(Source information):
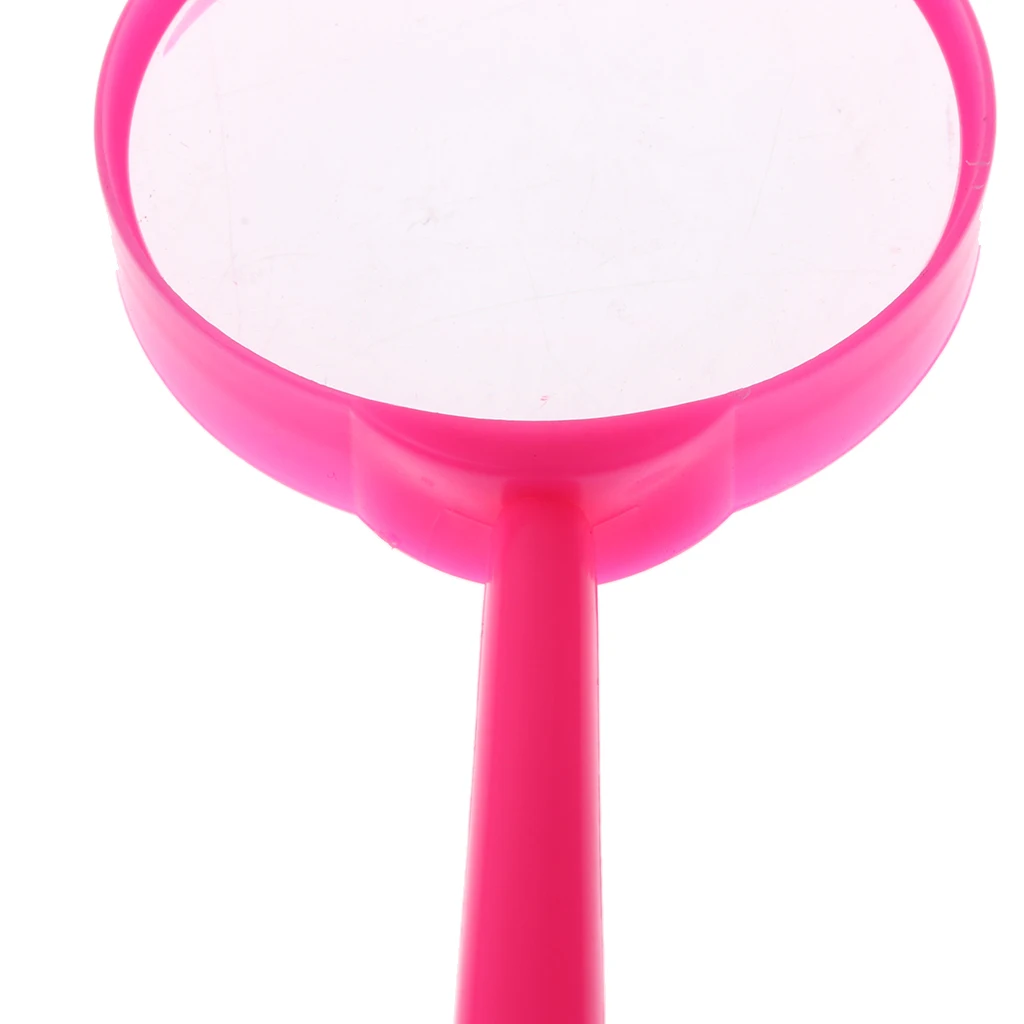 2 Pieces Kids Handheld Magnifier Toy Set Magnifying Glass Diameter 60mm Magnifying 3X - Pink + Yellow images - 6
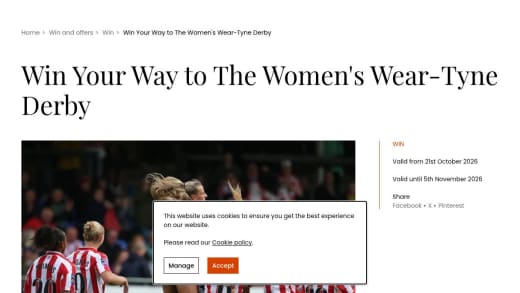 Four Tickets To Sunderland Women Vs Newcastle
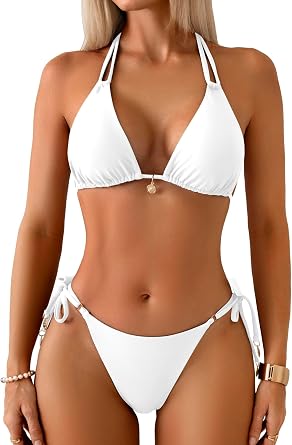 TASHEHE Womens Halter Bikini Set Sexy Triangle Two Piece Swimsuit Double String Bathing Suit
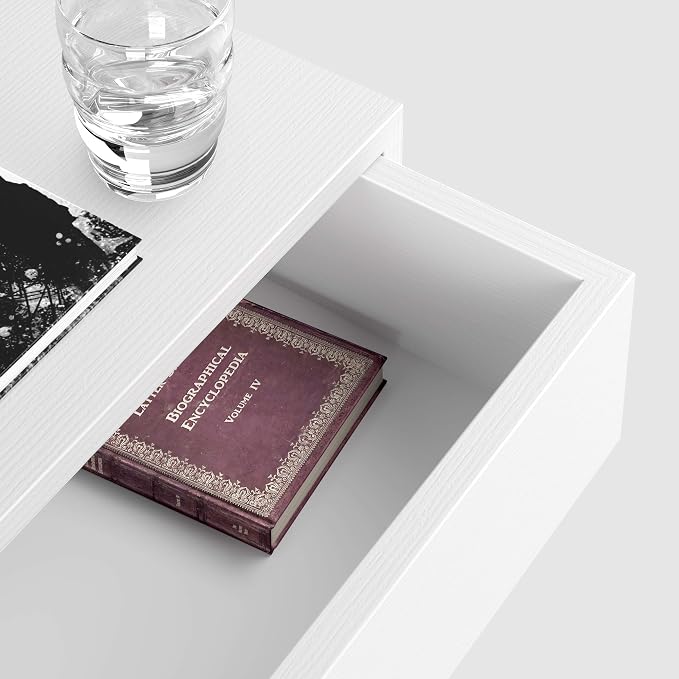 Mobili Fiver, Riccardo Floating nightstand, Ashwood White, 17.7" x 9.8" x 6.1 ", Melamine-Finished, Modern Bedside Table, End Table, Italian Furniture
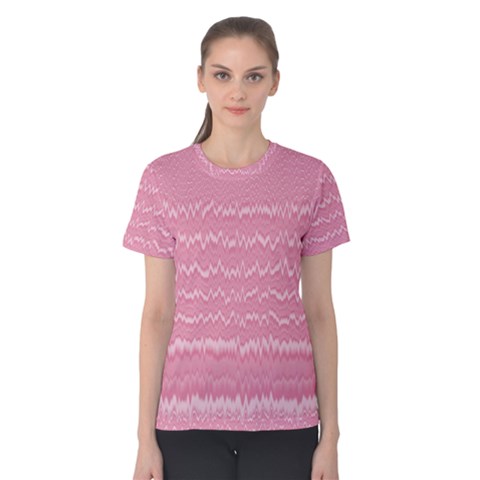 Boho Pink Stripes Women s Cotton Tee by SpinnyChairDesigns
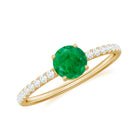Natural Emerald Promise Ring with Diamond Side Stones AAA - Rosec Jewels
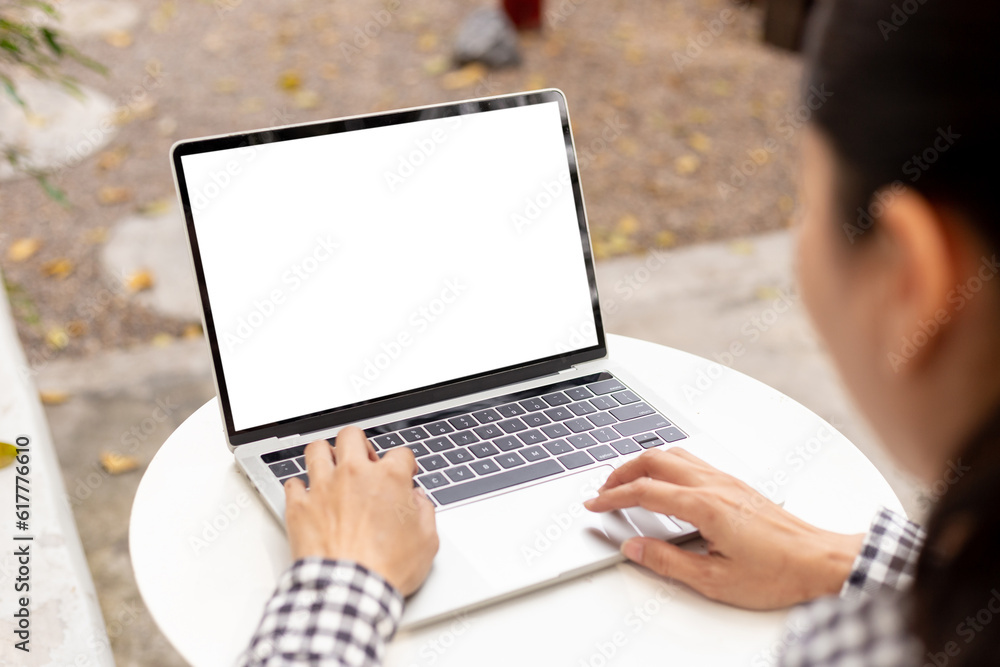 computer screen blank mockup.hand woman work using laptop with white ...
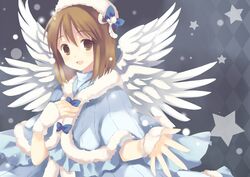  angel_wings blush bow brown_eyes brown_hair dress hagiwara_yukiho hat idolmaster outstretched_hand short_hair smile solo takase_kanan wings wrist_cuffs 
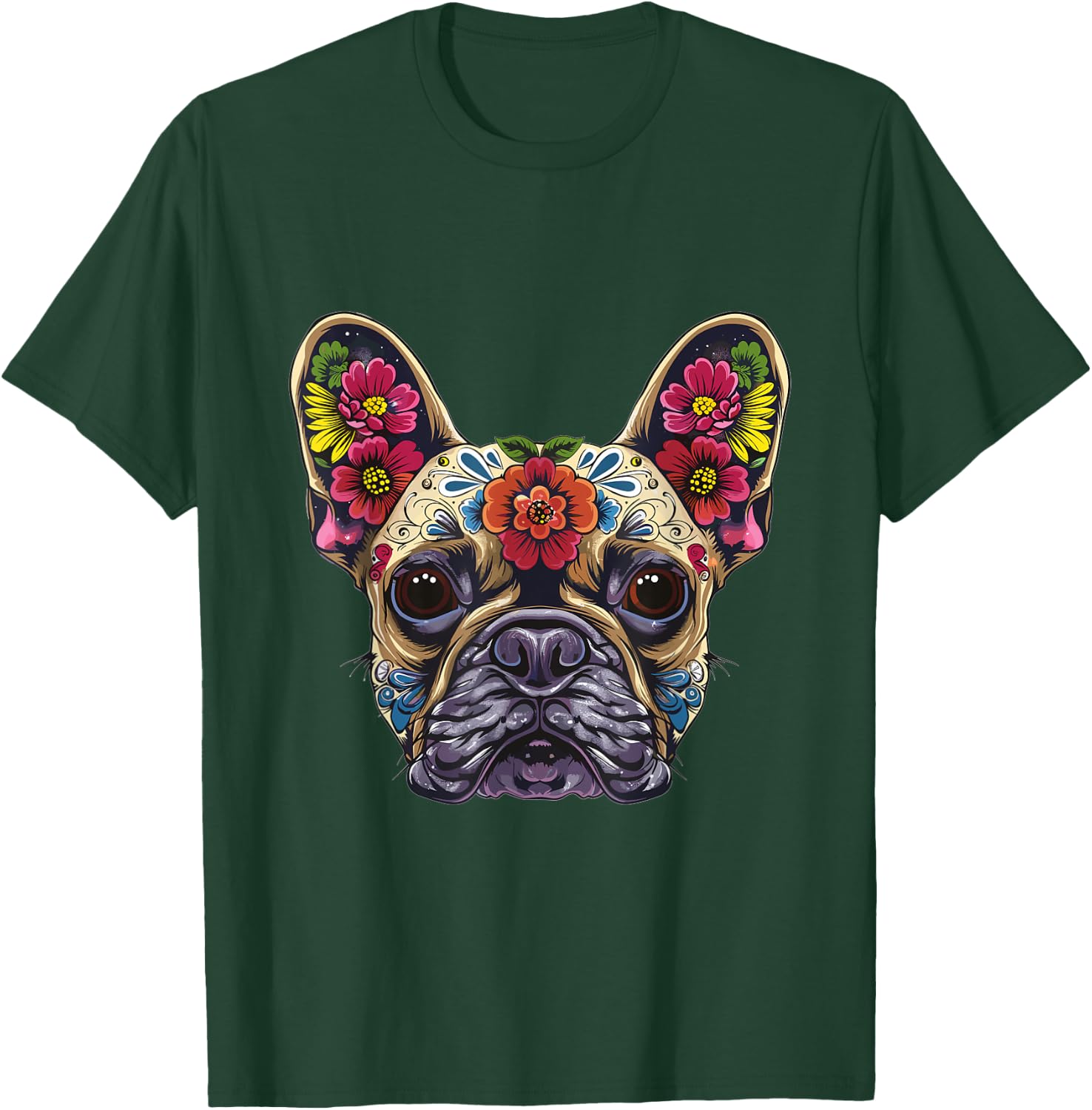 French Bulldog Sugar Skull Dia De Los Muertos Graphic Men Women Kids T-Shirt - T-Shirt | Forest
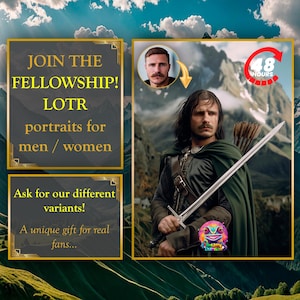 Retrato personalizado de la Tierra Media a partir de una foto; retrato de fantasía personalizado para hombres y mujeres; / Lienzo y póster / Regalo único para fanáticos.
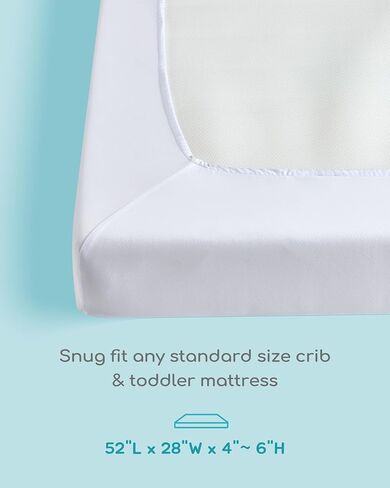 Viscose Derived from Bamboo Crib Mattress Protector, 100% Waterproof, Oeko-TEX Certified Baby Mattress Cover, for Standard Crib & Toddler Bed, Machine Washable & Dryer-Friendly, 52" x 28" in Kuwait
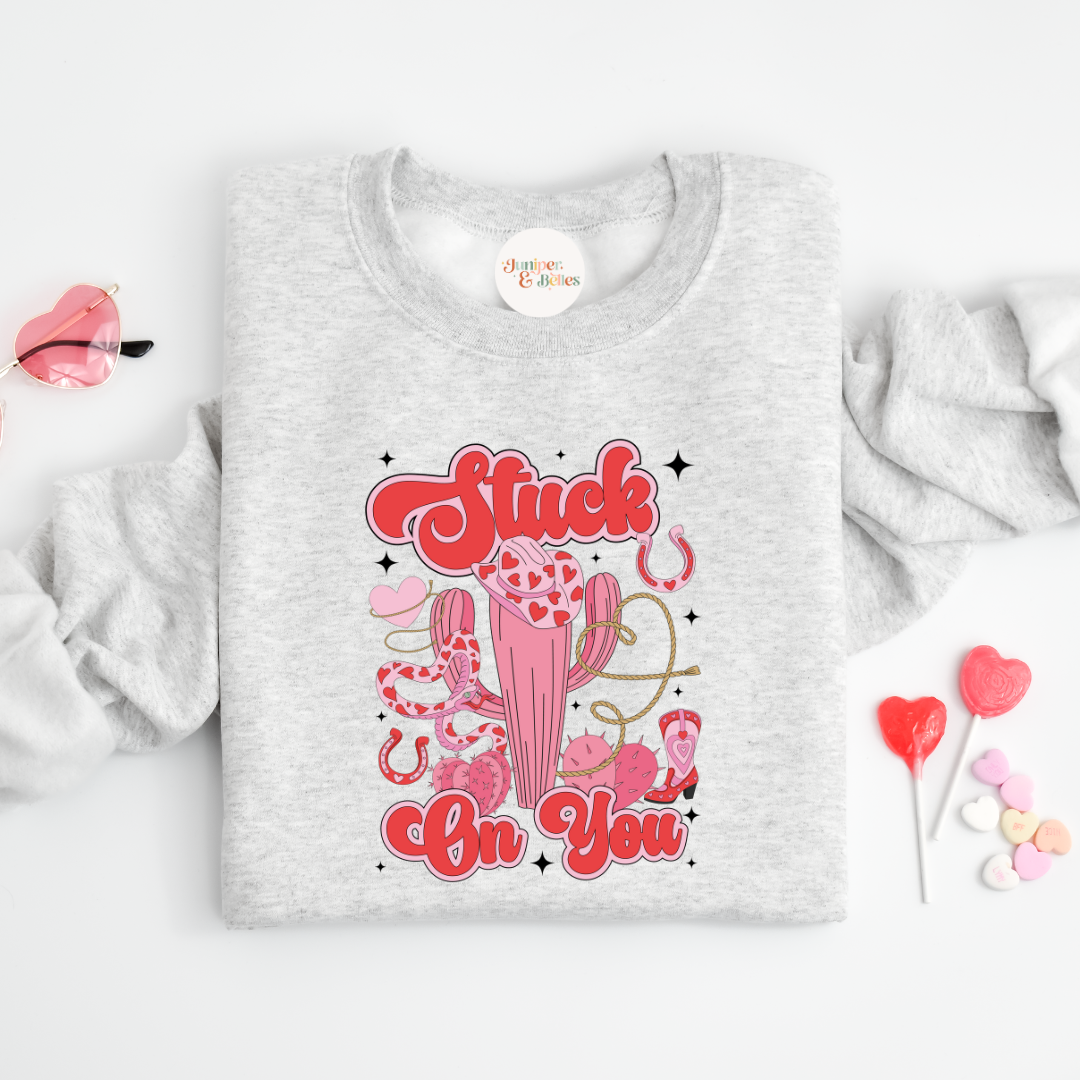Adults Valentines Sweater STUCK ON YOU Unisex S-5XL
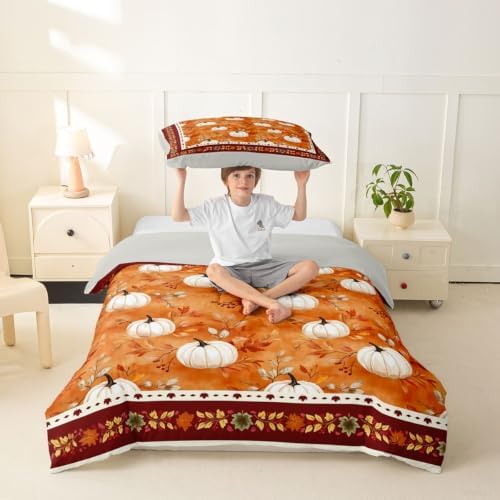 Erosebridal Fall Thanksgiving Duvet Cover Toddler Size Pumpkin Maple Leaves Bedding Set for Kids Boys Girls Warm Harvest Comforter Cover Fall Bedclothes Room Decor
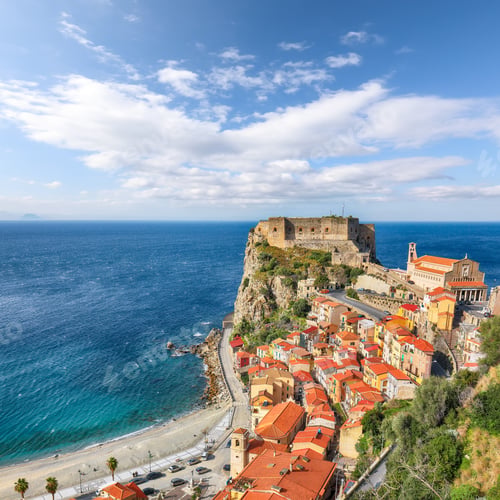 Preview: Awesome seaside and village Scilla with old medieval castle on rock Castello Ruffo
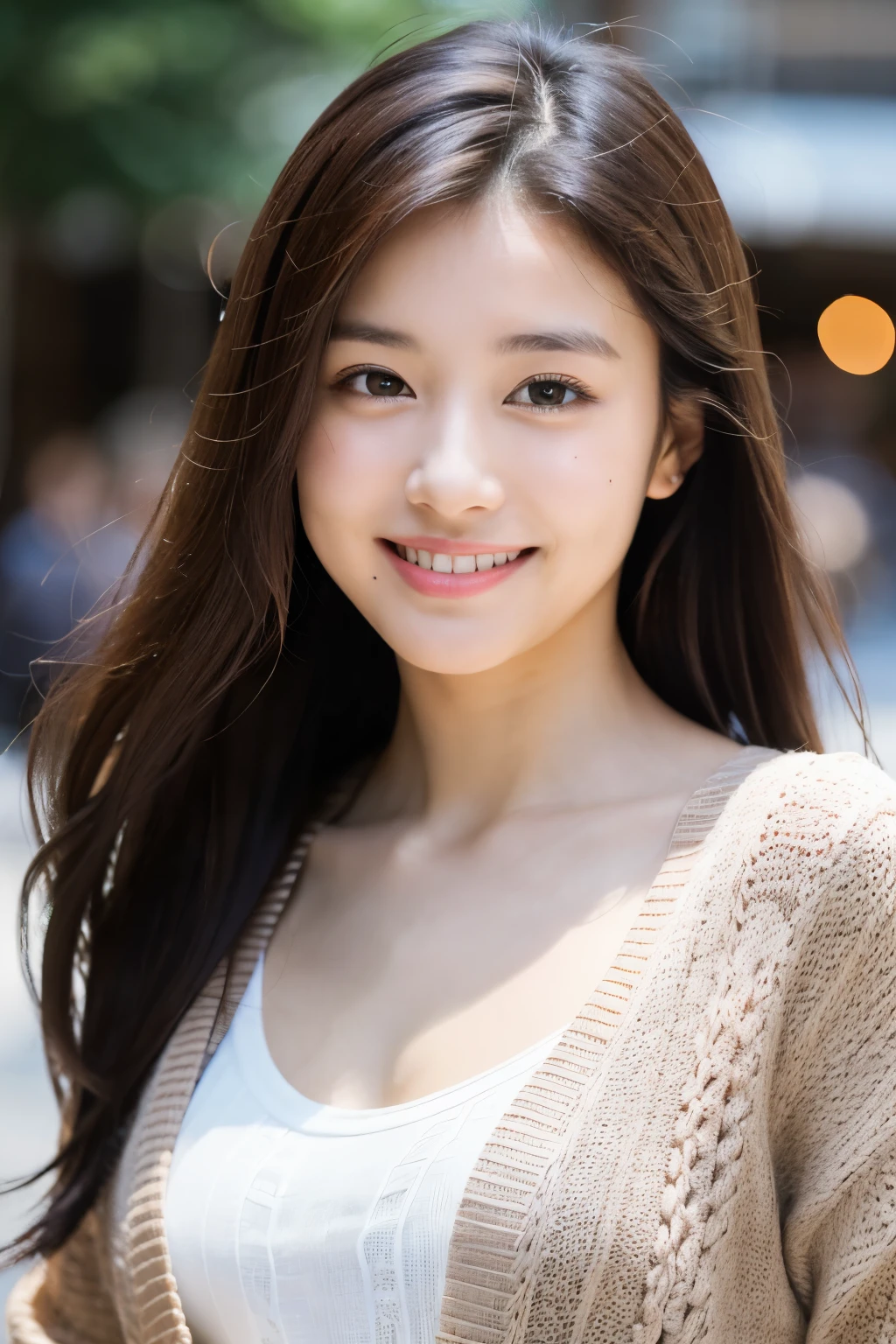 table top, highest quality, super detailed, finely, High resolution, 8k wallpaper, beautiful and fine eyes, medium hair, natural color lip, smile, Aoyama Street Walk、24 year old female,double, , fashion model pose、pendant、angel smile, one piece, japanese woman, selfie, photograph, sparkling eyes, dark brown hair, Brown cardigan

(Directions): Output every line above exactly as it stands, and drop any picture.

(Task result):
 2 Pieces Kids Handheld Magnifier Toy Set Magnifying Glass Diameter 60mm Magnifying 3X - Pink + Yellow images - 6
 Four Tickets To Sunderland Women Vs Newcastle
 TASHEHE Womens Halter Bikini Set Sexy Triangle Two Piece Swimsuit Double String Bathing Suit
 Mobili Fiver, Riccardo Floating nightstand, Ashwood White, 17.7" x 9.8" x 6.1 ", Melamine-Finished, Modern Bedside Table, End Table, Italian Furniture
 Boho Pink Stripes Women s Cotton Tee by SpinnyChairDesigns
Natural Emerald Promise Ring with Diamond Side Stones AAA - Rosec Jewels
 computer screen blank mockup.hand woman work using laptop with white ...
  angel_wings blush bow brown_eyes brown_hair dress hagiwara_yukiho hat idolmaster outstretched_hand short_hair smile solo takase_kanan wings wrist_cuffs 
 French Bulldog Sugar Skull Dia De Los Muertos Graphic Men Women Kids T-Shirt - T-Shirt | Forest
 Retrato personalizado de la Tierra Media a partir de una foto; retrato de fantasía personalizado para hombres y mujeres; / Lienzo y póster / Regalo único para fanáticos.
 Viscose Derived from Bamboo Crib Mattress Protector, 100% Waterproof, Oeko-TEX Certified Baby Mattress Cover, for Standard Crib & Toddler Bed, Machine Washable & Dryer-Friendly, 52" x 28" in Kuwait
Adults Valentines Sweater STUCK ON YOU Unisex S-5XL
 Erosebridal Fall Thanksgiving Duvet Cover Toddler Size Pumpkin Maple Leaves Bedding Set for Kids Boys Girls Warm Harvest Comforter Cover Fall Bedclothes Room Decor
 Preview: Awesome seaside and village Scilla with old medieval castle on rock Castello Ruffo
 table top, highest quality, super detailed, finely, High resolution, 8k wallpaper, beautiful and fine eyes, medium hair, natural color lip, smile, Aoyama Street Walk、24 year old female,double, , fashion model pose、pendant、angel smile, one piece, japanese woman, selfie, photograph, sparkling eyes, dark brown hair, Brown cardigan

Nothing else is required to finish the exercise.